Look through the listing below for the string "with". Show each line where it occurs.

Segment Start: DATA FOR THIS TASK

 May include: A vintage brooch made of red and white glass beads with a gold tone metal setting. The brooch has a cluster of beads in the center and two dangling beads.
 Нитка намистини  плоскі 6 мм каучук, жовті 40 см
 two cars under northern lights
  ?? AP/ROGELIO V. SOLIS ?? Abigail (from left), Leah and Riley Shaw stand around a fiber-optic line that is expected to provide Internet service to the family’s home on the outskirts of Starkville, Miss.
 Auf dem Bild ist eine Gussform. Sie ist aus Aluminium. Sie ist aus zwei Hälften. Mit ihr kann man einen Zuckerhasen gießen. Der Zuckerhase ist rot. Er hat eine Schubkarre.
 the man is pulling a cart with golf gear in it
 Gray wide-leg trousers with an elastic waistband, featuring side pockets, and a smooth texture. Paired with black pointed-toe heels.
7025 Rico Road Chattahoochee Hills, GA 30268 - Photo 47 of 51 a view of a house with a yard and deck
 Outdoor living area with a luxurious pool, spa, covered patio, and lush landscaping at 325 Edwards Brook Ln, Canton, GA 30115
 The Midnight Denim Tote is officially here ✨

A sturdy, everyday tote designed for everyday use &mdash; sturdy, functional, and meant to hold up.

Segment End: DATA FOR THIS TASK

**PROBLEM SOLUTION:**
 May include: A vintage brooch made of red and white glass beads with a gold tone metal setting. The brooch has a cluster of beads in the center and two dangling beads.
 the man is pulling a cart with golf gear in it
 Gray wide-leg trousers with an elastic waistband, featuring side pockets, and a smooth texture. Paired with black pointed-toe heels.
7025 Rico Road Chattahoochee Hills, GA 30268 - Photo 47 of 51 a view of a house with a yard and deck
 Outdoor living area with a luxurious pool, spa, covered patio, and lush landscaping at 325 Edwards Brook Ln, Canton, GA 30115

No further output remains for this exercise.